Last Updated on 24 March 2022 by Showcall Editorial Team
Mark Ludmon reviews Shakespeare’s Henry V starring Kit Harington at London’s Donmar Warehouse

Henry V
Donmar Warehouse, London
Three stars
Events have rather overtaken Max Webster’s new production of Shakespeare’s war epic, Henry V, at the Donmar Warehouse. Nearly two weeks after the start of its run, Putin invaded Ukraine, bringing war back to Europe and creating a topical new context for the play. Retelling the events leading up to Britain’s defeat of France in the Battle of Agincourt in 1415, the 1599 drama presents an authoritarian leader who invades a neighbouring European country based on a dubious historical claim, bringing death and destruction. With Webster using modern military dress and sound and video effects, this morally ambivalent play is more unsettling than ever.
Until John Gielgud and Laurence Olivier helped to turn Henry V’s battle speeches into rousing jingoistic calls to arms during World War Two, the play was long seen as a more subversive exploration of the injustices of war. The king – whose father stole the throne from Richard II – uses arcane arguments about rights of succession to declare war on France, embarking on a messy conflict that breaks moral codes and leaves many thousands dead. Shakespeare shows us not just the historical figures waging war but also the ordinary people dragged into military service for a cause that some of them don’t understand or believe in.
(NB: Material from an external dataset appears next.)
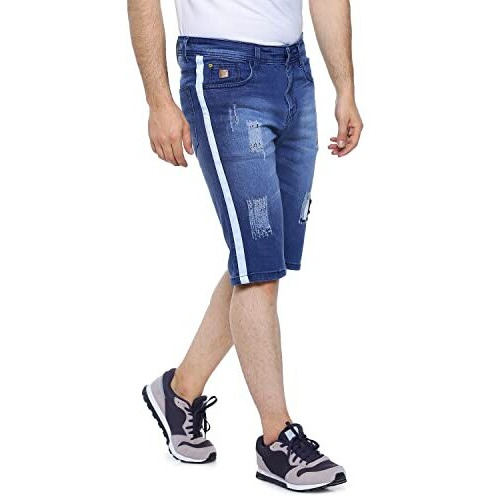 Campus Sutra Men's Boyfriend Shorts (Azz20Jn_Short1L_M_Pln_Nbu_Az_Blue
It is the ordinary people who bring the show to life. Danny Kirrane stands out as Pistol, the boastful braggard who sees war as a chance to line his pocket, alongside strong performances by Melissa Johns as both Mistress Quickly and Williams, Claire-Louise Cordwell as Bardolph, David Judge as Nym, and Stephen Meo as Llewellyn and, briefly, Falstaff, catapulted in from the end of Henry IV Part 2. Llewellyn, traditionally played for laughs in his love of leaks, is violently passionate in his Welshness, suggesting it is not just English nationalism that poses a threat.

Previous productions of Henry V see the French, especially the prince, as a target for comedy and caricature but Webster transforms them into more noble, heroic characters, defending their country from a cynical invader. They also speak actual French, mostly using 19th-century writer François-Victor Hugo’s translation (with captions in English on screens), emphasising how imperial expansion has a cultural cost as well as a human one. This is further underlined by Millicent Wong, playing the Chorus and Boy, speaking some of her lines – and a few new ones – in Mandarin.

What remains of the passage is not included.